People began showing up as much as an hour early for the festival. By 9:30am it was as crowded as the peak of the last festival we did.







The festival organizer had positioned us as the vendor closest to the live music stage.







They had a dining area just behind our smoker where the other food vendors were positioned.







Our setup













The RF loaded up with butts, brisket, chicken quarters and pork shots.







The warming box filling up with butts and beans.


----------



## mballi3011 (Nov 7, 2011)

It all looks and sounds pretty darn good till a fire ha. Glad you folks had a good time and made some money to boot. Yea Butt Bro's


----------



## solaryellow (Nov 7, 2011)

It took me 20 minutes to put that damn fire out. The weekend after next we are going to fix that problem.


----------



## bmudd14474 (Nov 7, 2011)

Congrats Joel. That is awesome.


----------



## tiki guy (Nov 7, 2011)

*Looks like a good time , and some nice smoking going on , wish I was there !*


----------



## boykjo (Nov 7, 2011)

I bet you and your crew were some whooped puppies when it was all done.........

Great job...........
	

	
	
		
		



		
		
	


	





Joe


----------



## ptcruiserguy (Nov 7, 2011)

Excellent job!! My hat is off to you and all of your crew.

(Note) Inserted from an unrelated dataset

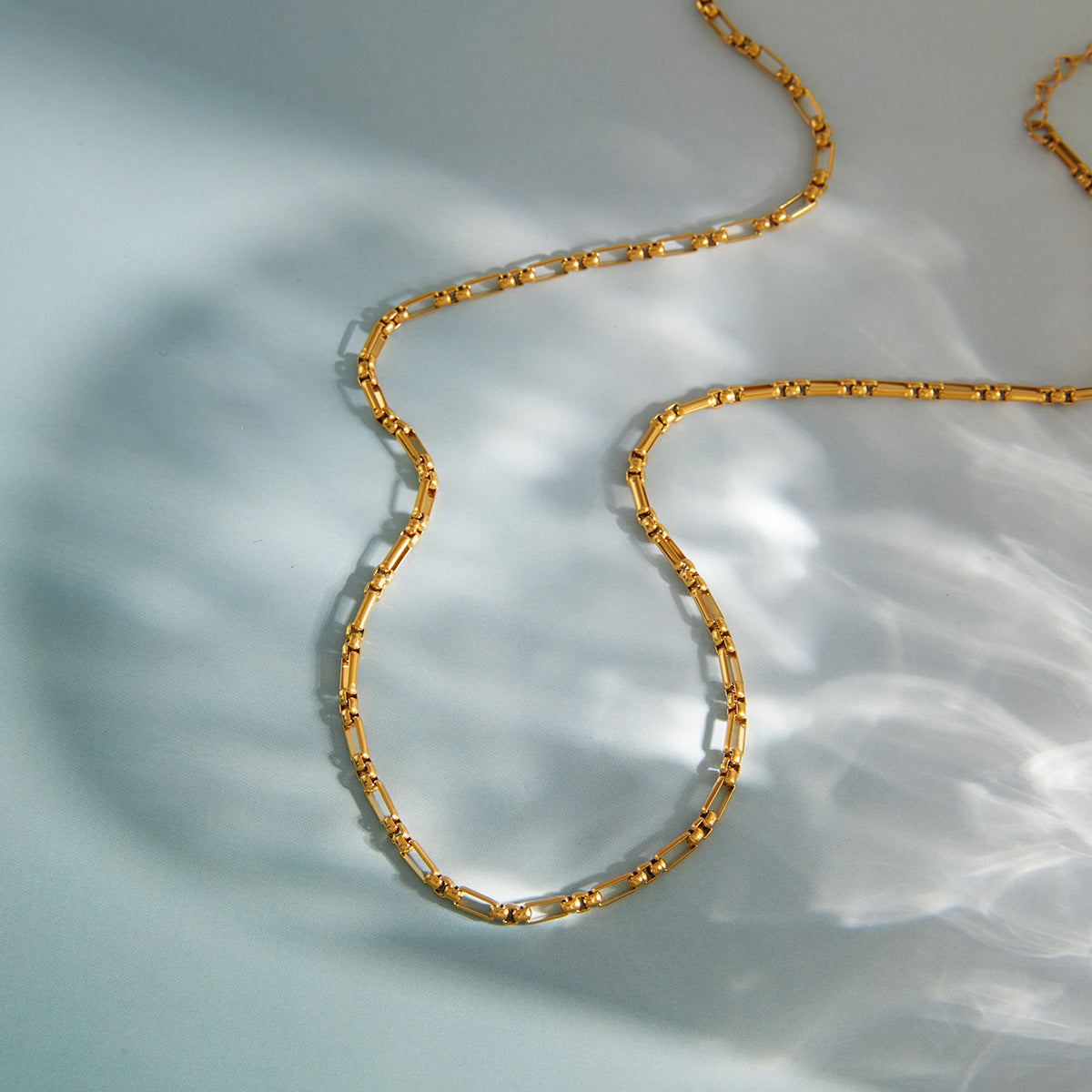 Minimalist Elegant Heart Stainless Steel PVD Necklace for Women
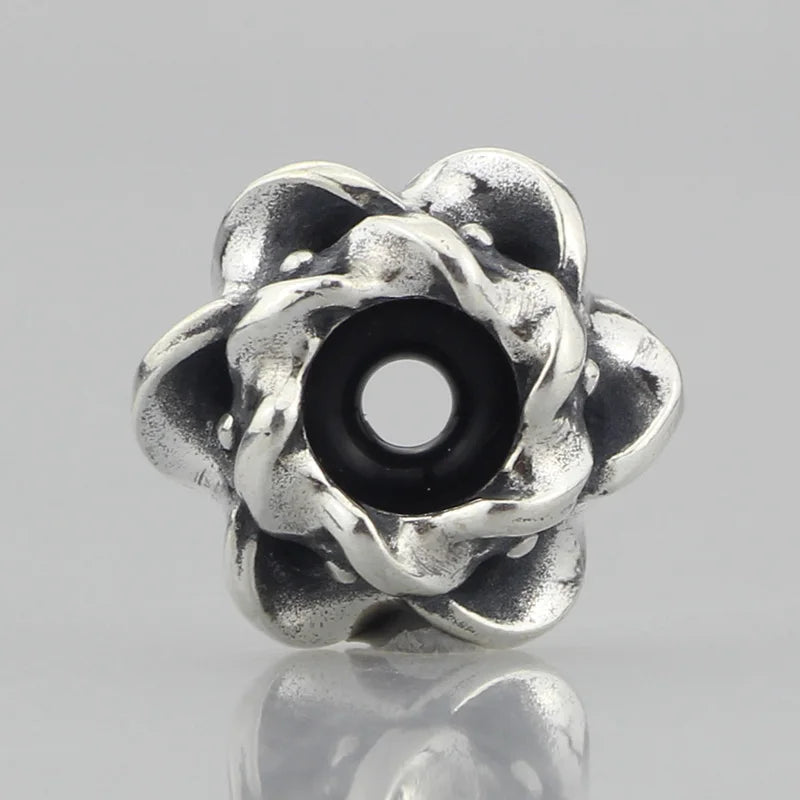 925 Silver Bead Charm Wheel Set for European Troll Bracelet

Even though the story was quite long, I still enjoyed reading it very much.

Glad everything turned out for ya'll.

Mike


----------



## solaryellow (Nov 7, 2011)

Thanks guys!

We were whooped alright Joe. I felt like Jerry all day yesterday.


----------



## daveomak (Nov 8, 2011)

Congrats on a sucessful weekend... Enjoyed reading your thread.... You must have an incredible crew to make all that happen without a hitch.... 
	

	
	
		
		



		
		
	


	





  .... (fire excluded)

Dave


----------



## supercenterchef (Nov 13, 2011)

congrats...I, personally, enjoyed the novel and look forward to more stories of your success!


----------



## solaryellow (Nov 13, 2011)

Thanks Dave and Chef!

And yes Dave, we have an incredible crew that was willing to work for nothing. Thankfully we were able to give everyone some cash for helping us. One more of these and our investment in the smoker should be paid off which is really saying something.


----------